No red mites! Lots of eggs! Paint inside your hen house - WHITE !

Описание к видео No red mites! Lots of eggs! Paint inside your hen house - WHITE !

Why did I paint the inside of my chicken house? And what's more I painted it white! How crazy is that?
Wouldn’t painting the inside of my hen house make it a nightmare to keep looking clean and neat? Strangely enough, I painted the inside of my hen house precisely in order to make it less work to keep clean and hygienic. And one of the main reasons for doing that is a little nasty called a red mite - Dermanyssus gallinae. And it drinks the blood of chickens!
Although each mite is less than 1 millimetre long, a severe infestation of red mites can drink up to 5% of your chicken’s whole blood volume each night. This constant and repeated blood loss makes the chicken hungry and weak from loss of blood as well as restless and itchy from the bites.
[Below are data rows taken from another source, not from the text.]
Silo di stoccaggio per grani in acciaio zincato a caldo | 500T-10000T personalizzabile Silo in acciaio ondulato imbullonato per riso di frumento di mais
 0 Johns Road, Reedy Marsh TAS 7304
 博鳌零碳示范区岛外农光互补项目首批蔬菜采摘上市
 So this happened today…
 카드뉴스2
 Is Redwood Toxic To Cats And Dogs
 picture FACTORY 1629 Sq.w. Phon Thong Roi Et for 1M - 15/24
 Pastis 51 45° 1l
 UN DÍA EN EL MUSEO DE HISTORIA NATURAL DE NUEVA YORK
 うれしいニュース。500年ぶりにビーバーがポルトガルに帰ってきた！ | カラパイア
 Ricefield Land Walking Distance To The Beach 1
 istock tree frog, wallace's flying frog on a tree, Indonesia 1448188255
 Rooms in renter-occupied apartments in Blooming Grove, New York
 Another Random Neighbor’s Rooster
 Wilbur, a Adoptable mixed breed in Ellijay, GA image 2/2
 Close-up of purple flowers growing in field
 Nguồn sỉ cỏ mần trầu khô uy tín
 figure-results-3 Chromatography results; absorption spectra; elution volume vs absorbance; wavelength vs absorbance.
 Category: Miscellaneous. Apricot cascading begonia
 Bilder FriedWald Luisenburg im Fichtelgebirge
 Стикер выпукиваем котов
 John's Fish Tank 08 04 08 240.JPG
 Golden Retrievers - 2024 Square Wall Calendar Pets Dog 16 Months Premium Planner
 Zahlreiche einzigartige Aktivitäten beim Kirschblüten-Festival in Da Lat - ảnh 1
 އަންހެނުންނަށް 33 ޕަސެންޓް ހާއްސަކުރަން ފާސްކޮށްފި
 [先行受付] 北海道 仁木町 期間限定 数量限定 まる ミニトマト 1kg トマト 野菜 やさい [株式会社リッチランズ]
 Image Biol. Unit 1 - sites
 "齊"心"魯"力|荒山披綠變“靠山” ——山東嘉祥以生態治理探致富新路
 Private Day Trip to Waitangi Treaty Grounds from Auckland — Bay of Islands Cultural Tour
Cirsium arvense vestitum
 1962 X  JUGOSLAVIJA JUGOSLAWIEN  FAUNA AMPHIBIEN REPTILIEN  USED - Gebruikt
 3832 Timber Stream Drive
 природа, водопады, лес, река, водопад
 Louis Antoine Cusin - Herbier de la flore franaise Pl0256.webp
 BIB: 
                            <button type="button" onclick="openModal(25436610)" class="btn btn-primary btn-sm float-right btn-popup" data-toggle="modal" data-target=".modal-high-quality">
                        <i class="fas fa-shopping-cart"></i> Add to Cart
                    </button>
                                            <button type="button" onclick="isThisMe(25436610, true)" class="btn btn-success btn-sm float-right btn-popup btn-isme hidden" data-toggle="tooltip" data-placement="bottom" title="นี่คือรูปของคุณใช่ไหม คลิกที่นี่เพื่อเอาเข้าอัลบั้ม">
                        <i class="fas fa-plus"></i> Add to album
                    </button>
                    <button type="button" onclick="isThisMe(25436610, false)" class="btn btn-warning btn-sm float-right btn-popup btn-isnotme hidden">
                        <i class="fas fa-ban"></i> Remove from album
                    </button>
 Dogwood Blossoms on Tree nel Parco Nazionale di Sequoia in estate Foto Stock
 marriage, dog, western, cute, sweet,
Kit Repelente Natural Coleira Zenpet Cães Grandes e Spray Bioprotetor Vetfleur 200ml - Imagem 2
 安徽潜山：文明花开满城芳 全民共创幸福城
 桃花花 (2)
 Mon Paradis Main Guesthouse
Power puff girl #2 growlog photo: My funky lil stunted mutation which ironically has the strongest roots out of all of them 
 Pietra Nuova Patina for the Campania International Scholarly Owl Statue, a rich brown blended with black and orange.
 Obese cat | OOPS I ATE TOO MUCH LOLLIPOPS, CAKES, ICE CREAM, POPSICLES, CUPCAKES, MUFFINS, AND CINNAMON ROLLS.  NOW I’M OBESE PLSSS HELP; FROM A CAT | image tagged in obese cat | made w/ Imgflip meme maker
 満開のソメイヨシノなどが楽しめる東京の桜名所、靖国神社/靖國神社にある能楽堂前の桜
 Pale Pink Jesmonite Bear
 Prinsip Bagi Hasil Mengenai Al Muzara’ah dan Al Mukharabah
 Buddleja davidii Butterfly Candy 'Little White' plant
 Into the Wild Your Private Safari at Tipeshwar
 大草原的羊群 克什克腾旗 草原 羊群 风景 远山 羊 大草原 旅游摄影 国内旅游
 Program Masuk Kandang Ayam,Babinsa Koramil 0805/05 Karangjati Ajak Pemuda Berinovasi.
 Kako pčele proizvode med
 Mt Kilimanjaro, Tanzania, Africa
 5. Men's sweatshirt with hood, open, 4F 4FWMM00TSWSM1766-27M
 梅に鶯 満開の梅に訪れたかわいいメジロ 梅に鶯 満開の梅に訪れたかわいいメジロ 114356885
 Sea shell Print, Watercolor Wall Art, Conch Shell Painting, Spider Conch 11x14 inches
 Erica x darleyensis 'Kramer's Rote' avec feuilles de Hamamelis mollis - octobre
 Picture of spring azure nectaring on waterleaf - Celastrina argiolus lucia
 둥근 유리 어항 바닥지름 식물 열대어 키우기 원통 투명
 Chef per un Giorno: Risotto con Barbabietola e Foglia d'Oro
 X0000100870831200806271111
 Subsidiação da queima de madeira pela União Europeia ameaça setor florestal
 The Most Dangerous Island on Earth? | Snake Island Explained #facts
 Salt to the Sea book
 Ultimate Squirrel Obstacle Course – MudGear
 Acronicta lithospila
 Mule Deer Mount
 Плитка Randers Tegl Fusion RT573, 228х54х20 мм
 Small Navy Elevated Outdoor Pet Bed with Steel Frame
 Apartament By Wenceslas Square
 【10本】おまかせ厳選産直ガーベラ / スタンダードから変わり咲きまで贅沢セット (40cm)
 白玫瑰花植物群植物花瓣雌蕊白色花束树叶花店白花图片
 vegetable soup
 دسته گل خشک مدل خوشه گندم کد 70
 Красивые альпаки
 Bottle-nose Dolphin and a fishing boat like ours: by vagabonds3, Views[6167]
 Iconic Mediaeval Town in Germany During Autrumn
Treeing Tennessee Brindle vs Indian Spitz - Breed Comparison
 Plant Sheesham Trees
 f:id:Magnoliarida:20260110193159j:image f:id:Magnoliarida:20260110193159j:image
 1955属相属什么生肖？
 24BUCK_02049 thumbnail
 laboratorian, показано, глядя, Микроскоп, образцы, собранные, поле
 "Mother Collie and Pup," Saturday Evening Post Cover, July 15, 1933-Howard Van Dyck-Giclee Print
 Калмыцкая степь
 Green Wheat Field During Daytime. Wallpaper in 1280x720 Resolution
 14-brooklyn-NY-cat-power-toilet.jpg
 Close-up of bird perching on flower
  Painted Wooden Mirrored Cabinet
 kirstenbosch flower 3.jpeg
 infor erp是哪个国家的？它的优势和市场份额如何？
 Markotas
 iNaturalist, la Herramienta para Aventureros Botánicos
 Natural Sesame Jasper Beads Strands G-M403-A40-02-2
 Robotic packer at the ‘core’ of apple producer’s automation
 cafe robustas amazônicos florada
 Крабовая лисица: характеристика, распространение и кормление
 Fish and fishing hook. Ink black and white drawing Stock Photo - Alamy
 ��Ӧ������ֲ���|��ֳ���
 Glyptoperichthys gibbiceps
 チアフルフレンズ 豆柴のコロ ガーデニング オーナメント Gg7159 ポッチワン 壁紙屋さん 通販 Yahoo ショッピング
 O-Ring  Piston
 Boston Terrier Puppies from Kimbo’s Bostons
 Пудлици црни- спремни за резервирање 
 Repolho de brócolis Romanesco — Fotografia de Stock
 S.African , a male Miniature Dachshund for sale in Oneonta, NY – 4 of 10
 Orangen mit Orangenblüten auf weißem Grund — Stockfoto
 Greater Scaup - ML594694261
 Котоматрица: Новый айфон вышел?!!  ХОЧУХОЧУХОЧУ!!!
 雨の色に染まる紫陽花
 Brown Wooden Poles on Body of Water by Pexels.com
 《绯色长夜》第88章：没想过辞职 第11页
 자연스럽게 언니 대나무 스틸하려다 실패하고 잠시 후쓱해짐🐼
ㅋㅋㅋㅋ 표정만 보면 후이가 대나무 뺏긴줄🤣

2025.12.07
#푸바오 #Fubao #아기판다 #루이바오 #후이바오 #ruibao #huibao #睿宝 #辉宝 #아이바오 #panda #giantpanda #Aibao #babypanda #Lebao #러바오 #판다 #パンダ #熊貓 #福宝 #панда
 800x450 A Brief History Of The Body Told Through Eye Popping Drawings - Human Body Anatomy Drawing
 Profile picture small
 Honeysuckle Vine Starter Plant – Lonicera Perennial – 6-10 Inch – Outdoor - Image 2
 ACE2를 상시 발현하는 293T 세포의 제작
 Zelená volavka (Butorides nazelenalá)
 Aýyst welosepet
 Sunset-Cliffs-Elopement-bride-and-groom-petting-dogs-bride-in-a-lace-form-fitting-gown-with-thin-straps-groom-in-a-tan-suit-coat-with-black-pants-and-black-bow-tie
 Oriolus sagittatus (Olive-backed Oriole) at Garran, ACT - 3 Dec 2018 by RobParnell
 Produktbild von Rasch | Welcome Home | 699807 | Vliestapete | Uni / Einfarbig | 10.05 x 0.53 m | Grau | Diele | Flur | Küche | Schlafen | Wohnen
Every night after a blood feed one adult female mite lays a clutch of up to 7 eggs. Two or three days later the eggs hatch into 6-legged larvae. A day later the larva moults to a protonymph. The protonymphs emerge and search out your chickens as they sleep warm and unsuspecting in their hen house at night. Once they’ve had their blood feed, the protonymphs can continue to mature into deutonymphs and then 2 days later into the adult mites, which again seek out the blood of chickens in order to mate and lay more eggs.
In the warm months of summer, this whole life cycle from mite egg to 7 new mature mites can take as little as 5 days. If the weather is warm and there are enough chickens around for the mites to feed on, in just 12 weeks there can be 13 quadrillion mites – that’s 13 with 9 zeroes after it.
But you won’t find any mites on your birds. Red mites only come out to feast on their chicken banquet after dark. When night falls, the air temperature drops and the mites crawl out of hiding and up the birds’ legs, wriggle between the feathers, latch on for about 2 hours feeding on the chickens’ blood. When day breaks, they use pheromones to signal to each other that the sun is rising and the chickens are leaving the hen house, and they sneak away to hide in the crevices in your hen house. Their favourite place of all is under the perch where it’s attached to the hen house wall. This is why I never fix my perches permanently – I always leave them free so I can easily check underneath for even just a few mites, before they have a chance to multiply into thousands. And if the wall is white, it's easy to see any mites lurking underneath.
Plus White reflects and maximises the available natural light, which makes for a well-lit chicken house that the hens are happy to go into, and because the hens get the benefit of the maximum number of daylight hours between dawn and dusk, they lay lots of eggs without artificial lighting.